◆ DATA:
◇ ◇ ◇ ◇ ◇

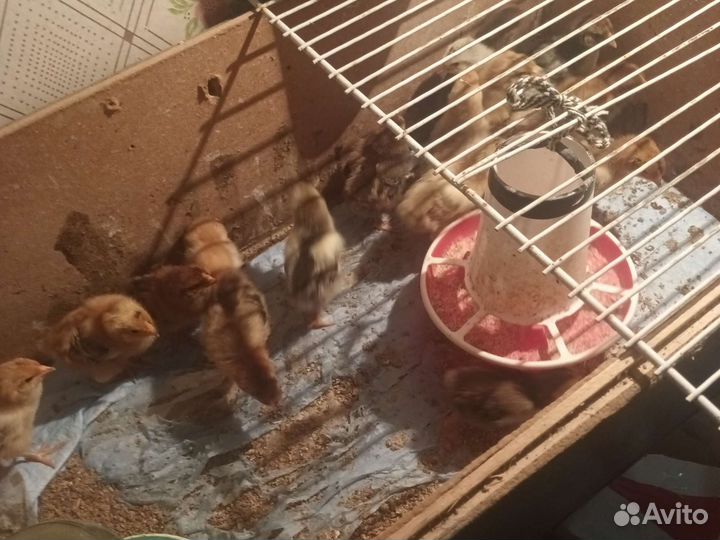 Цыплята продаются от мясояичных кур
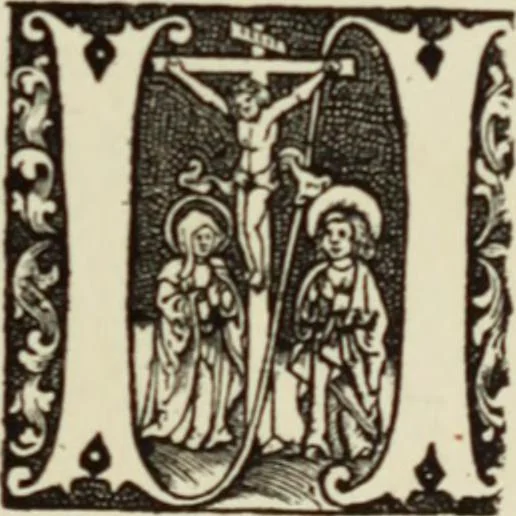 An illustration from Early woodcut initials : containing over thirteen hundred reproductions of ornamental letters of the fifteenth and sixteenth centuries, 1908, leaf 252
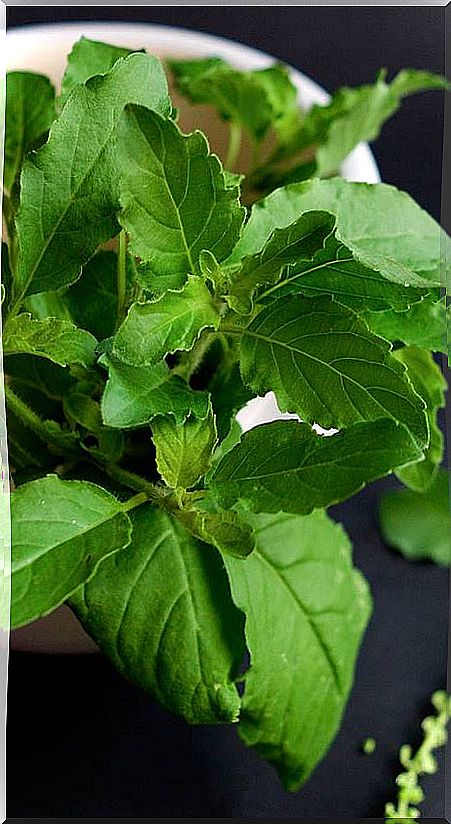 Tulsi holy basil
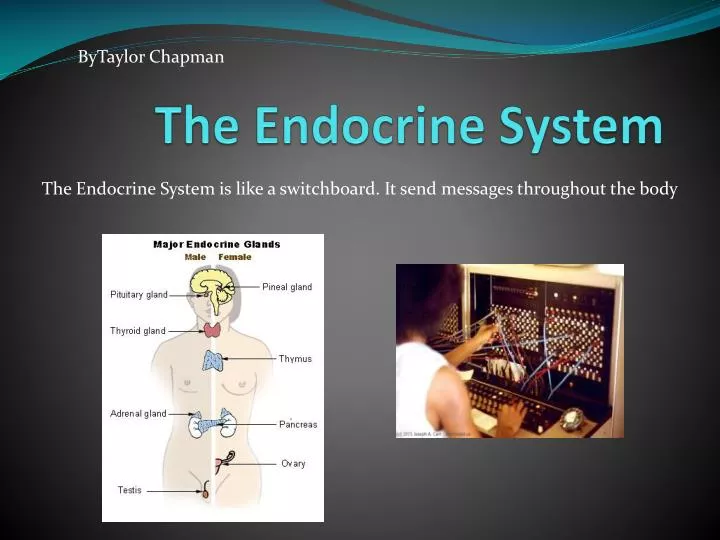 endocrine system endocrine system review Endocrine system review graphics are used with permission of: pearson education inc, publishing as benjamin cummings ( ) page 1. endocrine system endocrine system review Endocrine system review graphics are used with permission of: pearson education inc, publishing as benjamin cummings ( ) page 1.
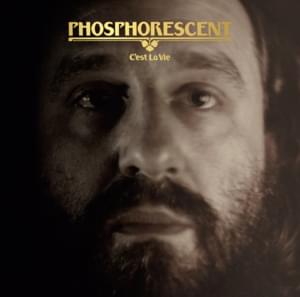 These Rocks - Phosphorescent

◇ ◇ ◇ ◇ ◇

◆ ABOUT THIS EXERCISE: Without carrying over any picture, write out the entries above once more, exactly.

◆ ANSWER AREA:
 Цыплята продаются от мясояичных кур
 An illustration from Early woodcut initials : containing over thirteen hundred reproductions of ornamental letters of the fifteenth and sixteenth centuries, 1908, leaf 252
 Tulsi holy basil
 endocrine system endocrine system review Endocrine system review graphics are used with permission of: pearson education inc, publishing as benjamin cummings ( ) page 1. endocrine system endocrine system review Endocrine system review graphics are used with permission of: pearson education inc, publishing as benjamin cummings ( ) page 1.
 These Rocks - Phosphorescent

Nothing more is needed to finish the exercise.